6WspaniałychFredków+4Damy. Filip znowu charczy :(

Kocie pogawędki

Moderatorzy: Estraven, Moderatorzy

Post » Wto gru 11, 2007 21:59

Marcelibu pisze:Pusto się zrobi w chałupie 8) . Cieszę sie, że znaleźli domki!!!

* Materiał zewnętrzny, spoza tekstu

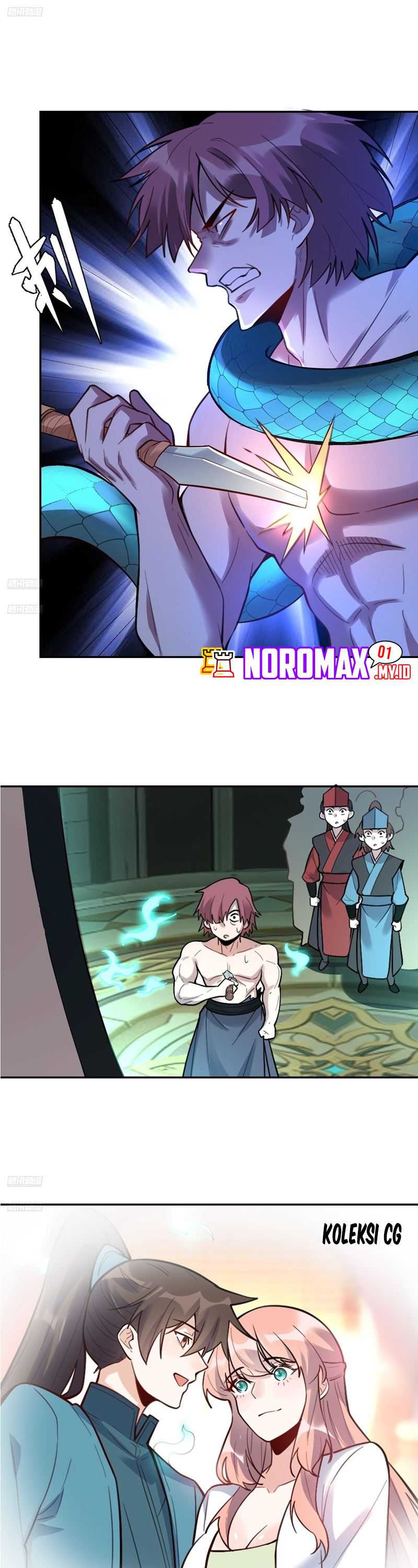 I’m Actually A Cultivation Bigshot Chapter 468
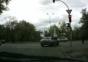Rote Ampel überfahren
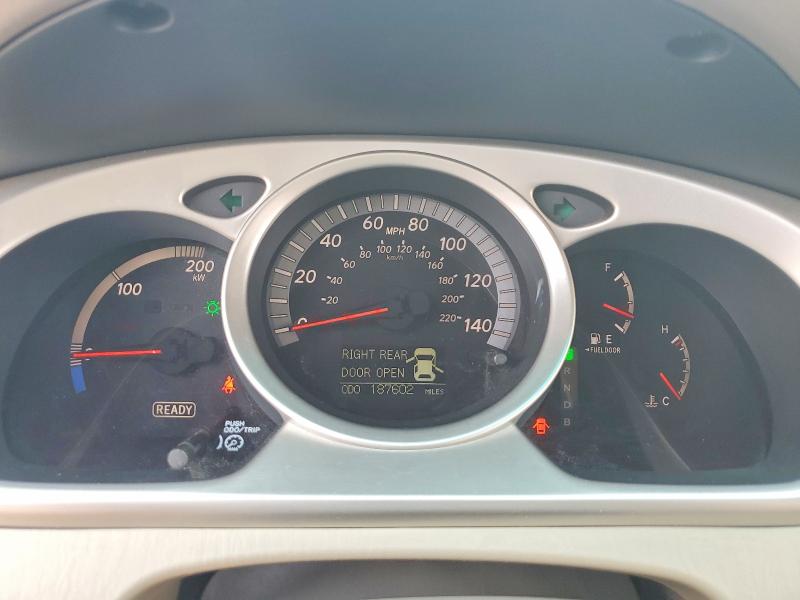Photo 9 from auction – 2006 TOYOTA HIGHLANDER with VIN JTEDW21A160010852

Już sie dwie mauuupeczki postarają aby nudy nie było.
One to potrafią, zwłaszcza o 4 nad ranem :evil:

Fredziolina

Avatar użytkownika
 
Posty: 11996
Od: Śro kwi 13, 2005 19:24

Post » Śro gru 12, 2007 13:09

No, to juz wiem, że Filonek nie pojedzie do Pan któy wczoraj tak ładnie sie wypowiadał.
Zadzwoniłam by zapytac o adres .
Odebrała dziewczyna inforując mnie, że kolega zrezygnował ( nie miał smiałości zadzwonić do mnie :evil: ) bo zamieszkuje z niepełnosprawnym lokatorem przykutym do łożka 8O
Obca osoba absolutnie nie może stresowac lokatora, co jest dla mnie co najmniej dziwne 8O
To co? nikt ich nie odwiedza? 8O
A może niepełnosprawny pan ma niewłaściwe warunki?
Wczora słyszłam co innego, że jego lokator starcił prace i popadł w małą depresję, że jest sparwny fizycznie, bedzie sie opiekował kotem podczas jego niebecności. Bo oczywiście padło pytanie: a co z kotem podzcas jego wyjazdów.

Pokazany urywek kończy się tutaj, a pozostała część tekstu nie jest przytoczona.